### WHAT YOU SHOULD DO
Print the listing below verbatim, passing over each picture.
══ DATA FOR REVIEW ══
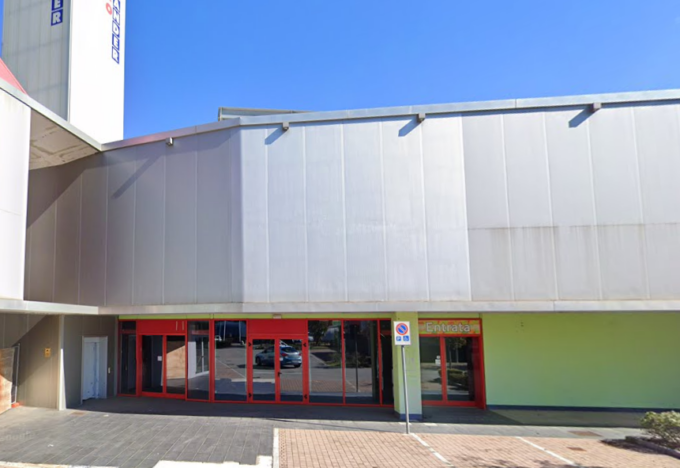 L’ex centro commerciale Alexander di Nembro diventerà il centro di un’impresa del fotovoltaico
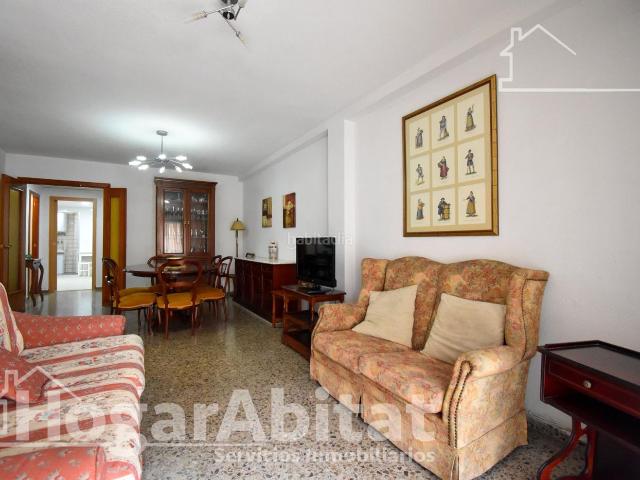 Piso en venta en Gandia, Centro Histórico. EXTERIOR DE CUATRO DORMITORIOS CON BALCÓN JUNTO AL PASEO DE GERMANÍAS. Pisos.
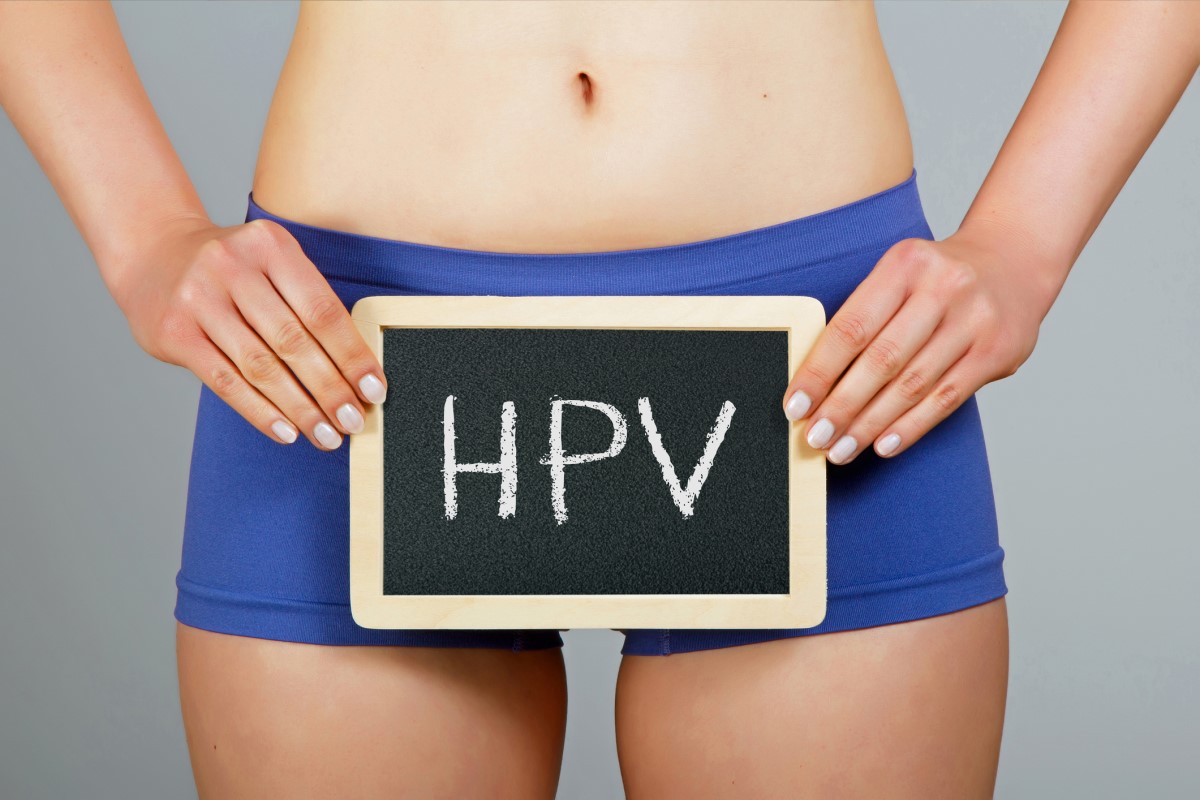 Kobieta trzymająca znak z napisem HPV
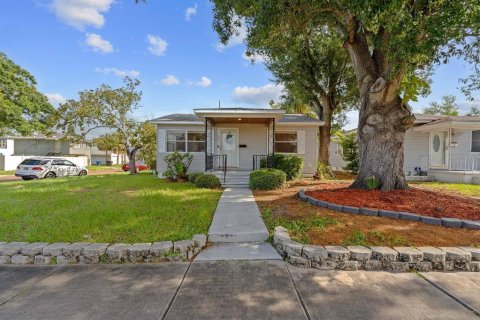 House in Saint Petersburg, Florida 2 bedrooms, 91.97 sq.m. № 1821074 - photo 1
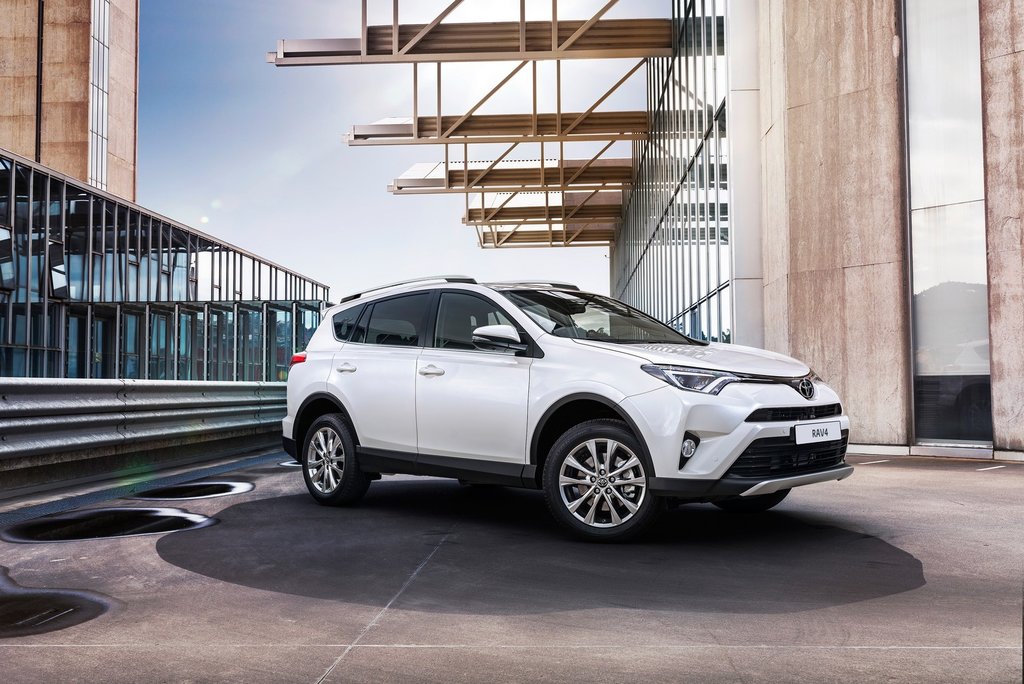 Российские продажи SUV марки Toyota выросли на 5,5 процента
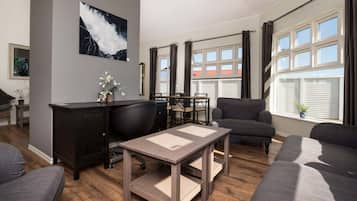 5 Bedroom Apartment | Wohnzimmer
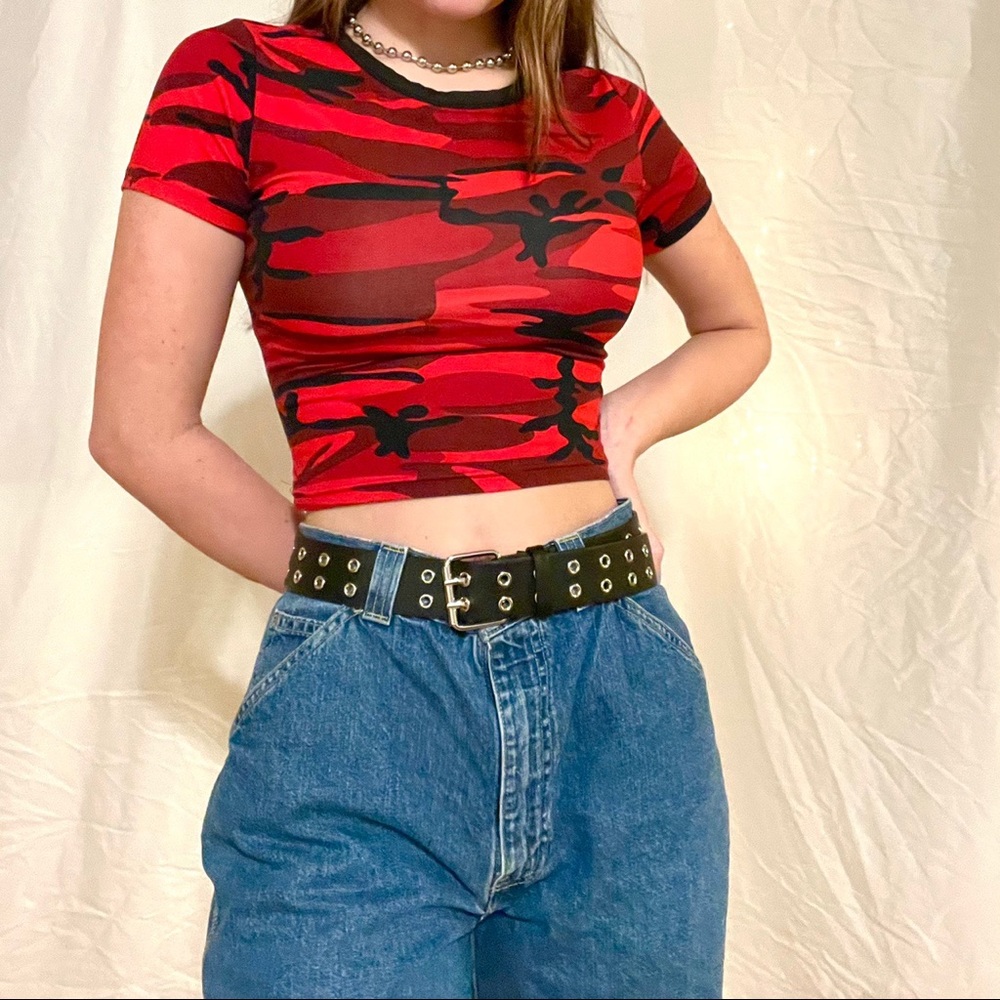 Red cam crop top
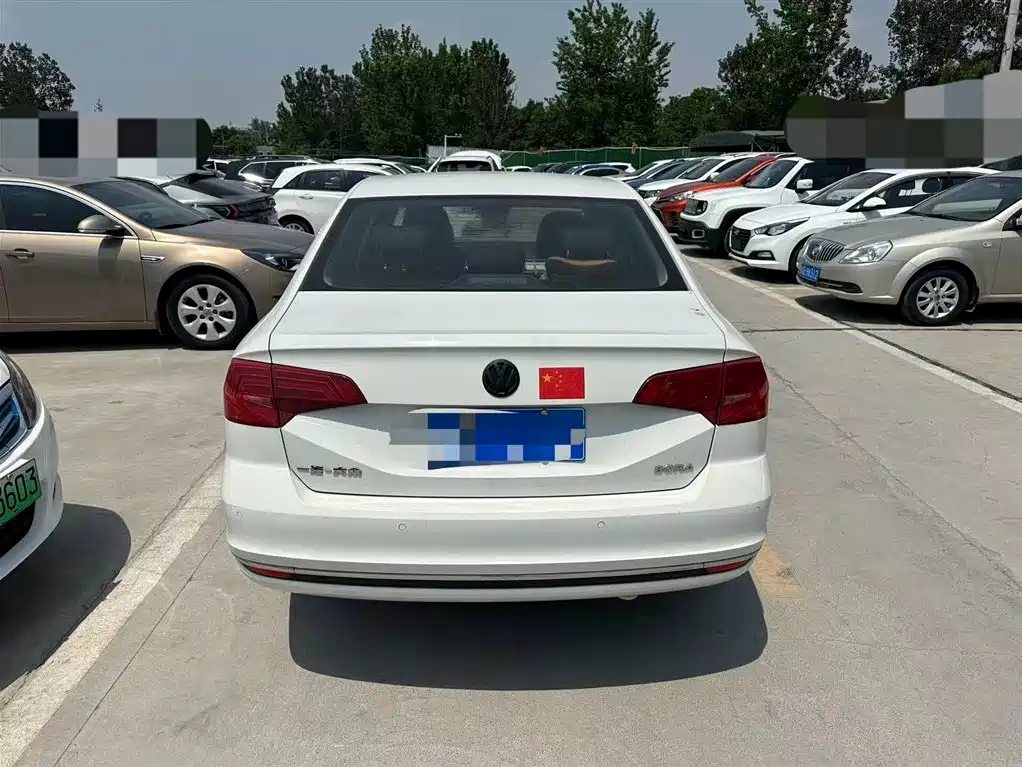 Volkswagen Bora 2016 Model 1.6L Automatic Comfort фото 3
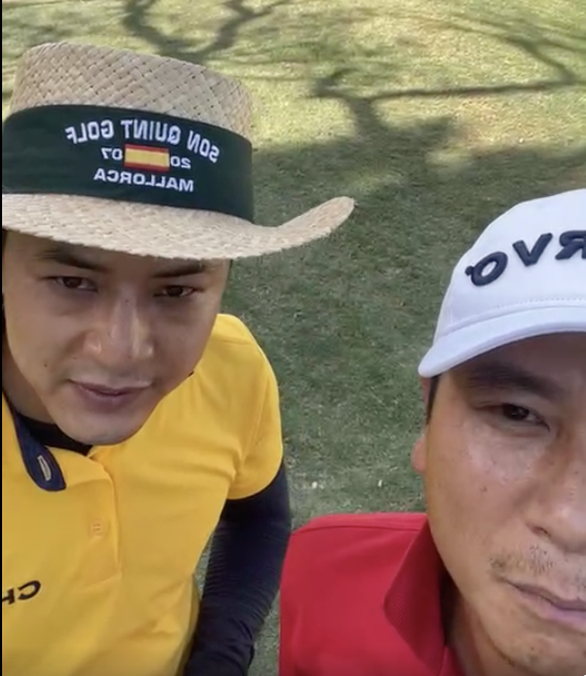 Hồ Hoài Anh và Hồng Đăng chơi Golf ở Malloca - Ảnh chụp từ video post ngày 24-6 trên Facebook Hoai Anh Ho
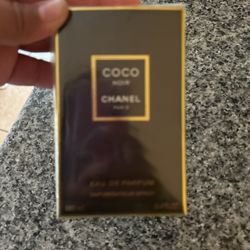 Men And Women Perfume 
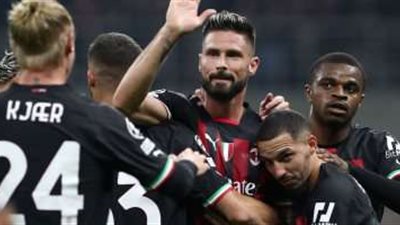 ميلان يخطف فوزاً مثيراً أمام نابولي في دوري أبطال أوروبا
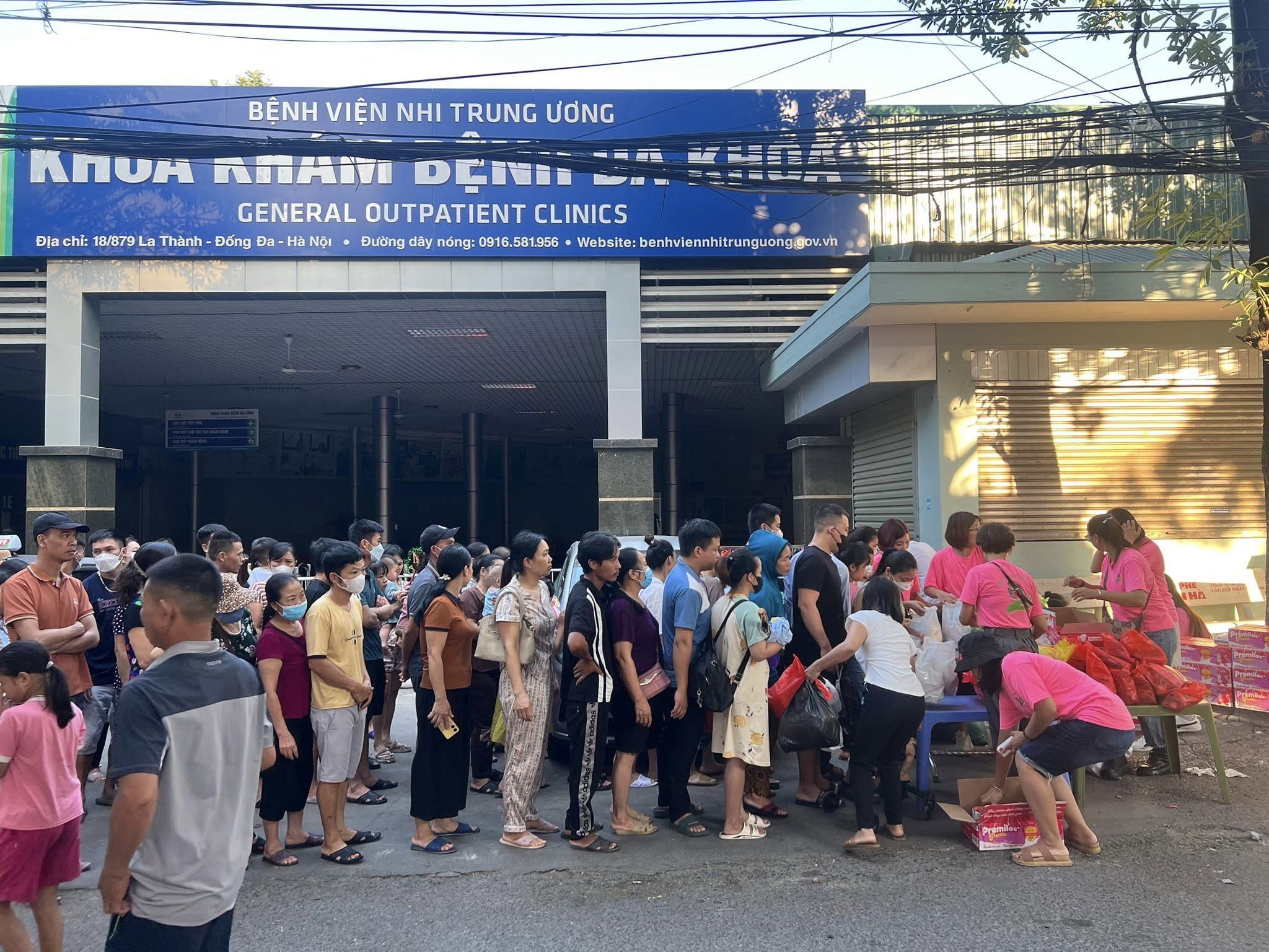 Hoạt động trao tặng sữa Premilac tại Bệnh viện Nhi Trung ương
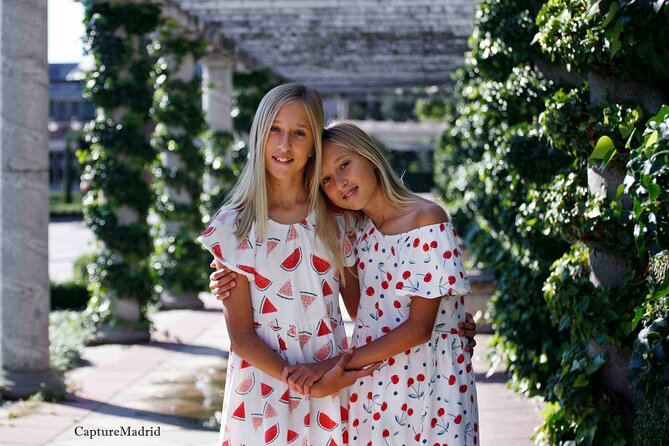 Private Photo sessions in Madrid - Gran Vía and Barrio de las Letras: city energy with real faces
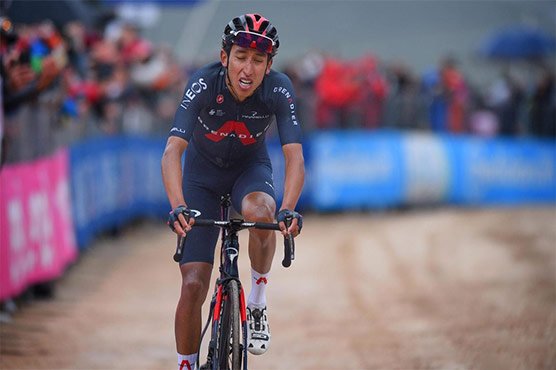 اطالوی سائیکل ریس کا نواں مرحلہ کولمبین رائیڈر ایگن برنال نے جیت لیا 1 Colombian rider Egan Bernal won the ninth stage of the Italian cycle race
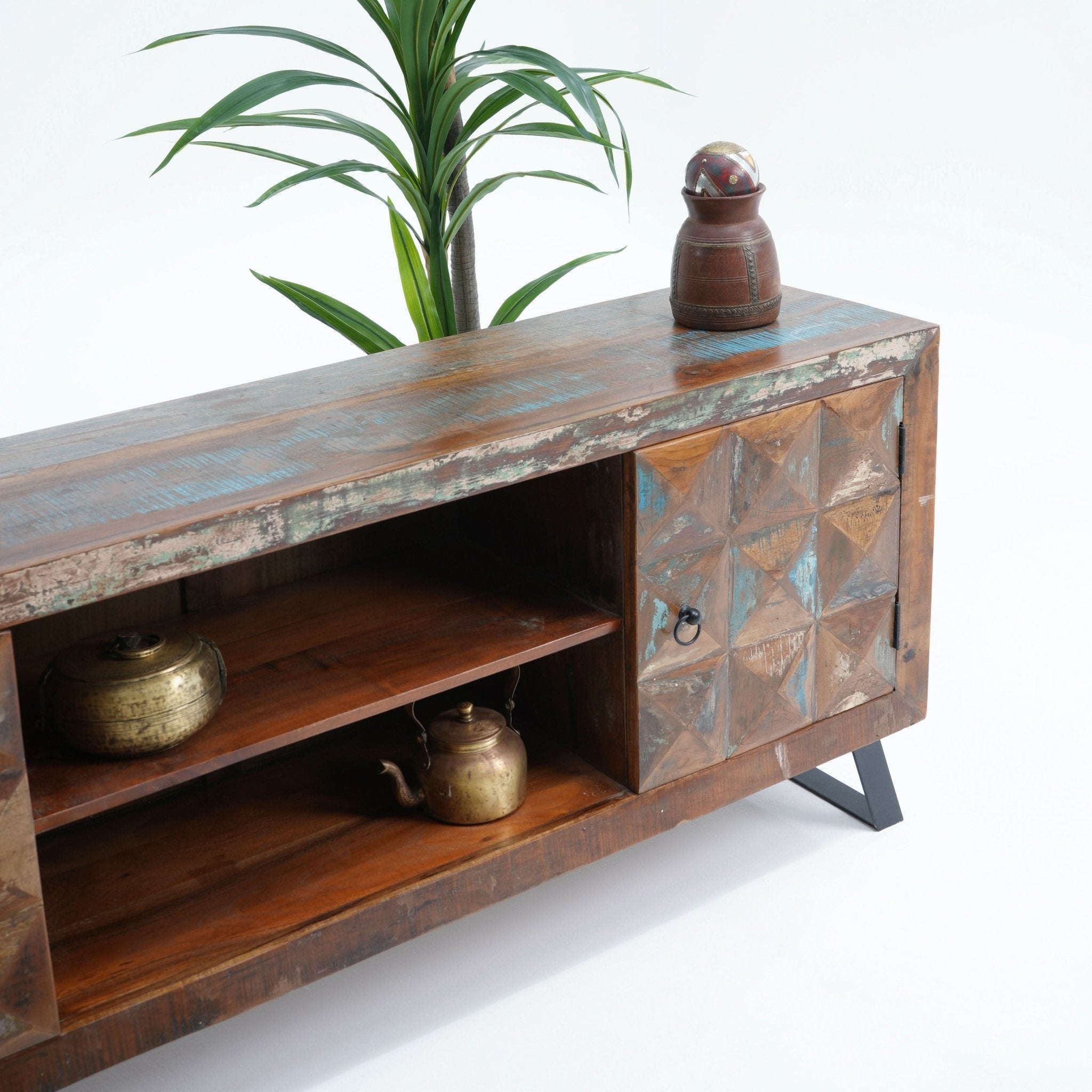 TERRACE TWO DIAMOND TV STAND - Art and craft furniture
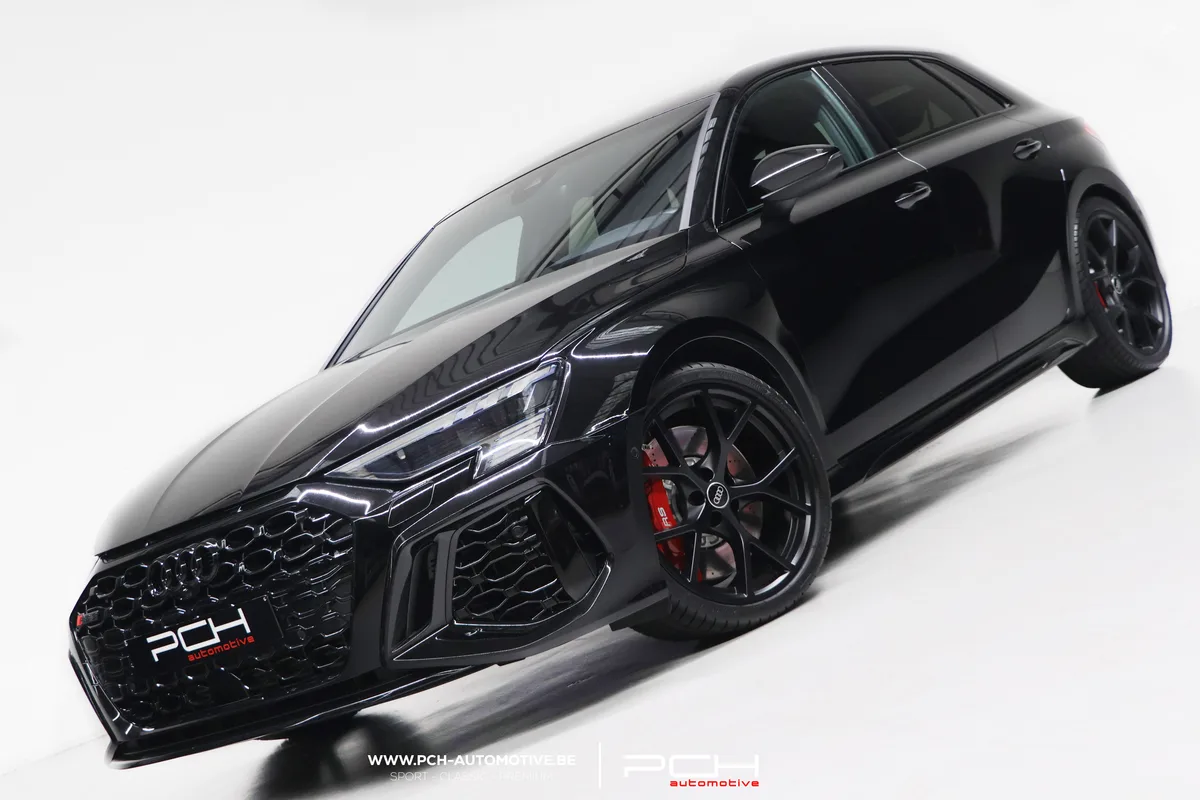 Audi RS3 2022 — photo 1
═══
### RESULT OF THE TASK
 L’ex centro commerciale Alexander di Nembro diventerà il centro di un’impresa del fotovoltaico
 Piso en venta en Gandia, Centro Histórico. EXTERIOR DE CUATRO DORMITORIOS CON BALCÓN JUNTO AL PASEO DE GERMANÍAS. Pisos.
 Kobieta trzymająca znak z napisem HPV
 House in Saint Petersburg, Florida 2 bedrooms, 91.97 sq.m. № 1821074 - photo 1
 Российские продажи SUV марки Toyota выросли на 5,5 процента
 5 Bedroom Apartment | Wohnzimmer
 Red cam crop top
 Volkswagen Bora 2016 Model 1.6L Automatic Comfort фото 3
 Hồ Hoài Anh và Hồng Đăng chơi Golf ở Malloca - Ảnh chụp từ video post ngày 24-6 trên Facebook Hoai Anh Ho
 Men And Women Perfume 
 ميلان يخطف فوزاً مثيراً أمام نابولي في دوري أبطال أوروبا
 Hoạt động trao tặng sữa Premilac tại Bệnh viện Nhi Trung ương
 Private Photo sessions in Madrid - Gran Vía and Barrio de las Letras: city energy with real faces
 اطالوی سائیکل ریس کا نواں مرحلہ کولمبین رائیڈر ایگن برنال نے جیت لیا 1 Colombian rider Egan Bernal won the ninth stage of the Italian cycle race
 TERRACE TWO DIAMOND TV STAND - Art and craft furniture
 Audi RS3 2022 — photo 1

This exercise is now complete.